Exercise data.
• • • •

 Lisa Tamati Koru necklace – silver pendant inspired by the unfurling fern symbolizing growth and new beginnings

• • • •

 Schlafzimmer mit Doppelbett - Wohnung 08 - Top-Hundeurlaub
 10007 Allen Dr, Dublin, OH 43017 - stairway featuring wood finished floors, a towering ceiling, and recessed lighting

• • • •

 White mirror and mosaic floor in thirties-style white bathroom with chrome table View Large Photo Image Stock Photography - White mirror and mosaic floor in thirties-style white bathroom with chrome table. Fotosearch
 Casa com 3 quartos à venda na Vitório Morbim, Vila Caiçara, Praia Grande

• • • •

What is needed.
Working from the data above, extract solely the lines from the one containing "Schlafzimmer mit Doppelbett" through the one containing "10007 Allen Dr, Dublin, OH", exactly as they appear, both included.

Answer section.
 Schlafzimmer mit Doppelbett - Wohnung 08 - Top-Hundeurlaub
 10007 Allen Dr, Dublin, OH 43017 - stairway featuring wood finished floors, a towering ceiling, and recessed lighting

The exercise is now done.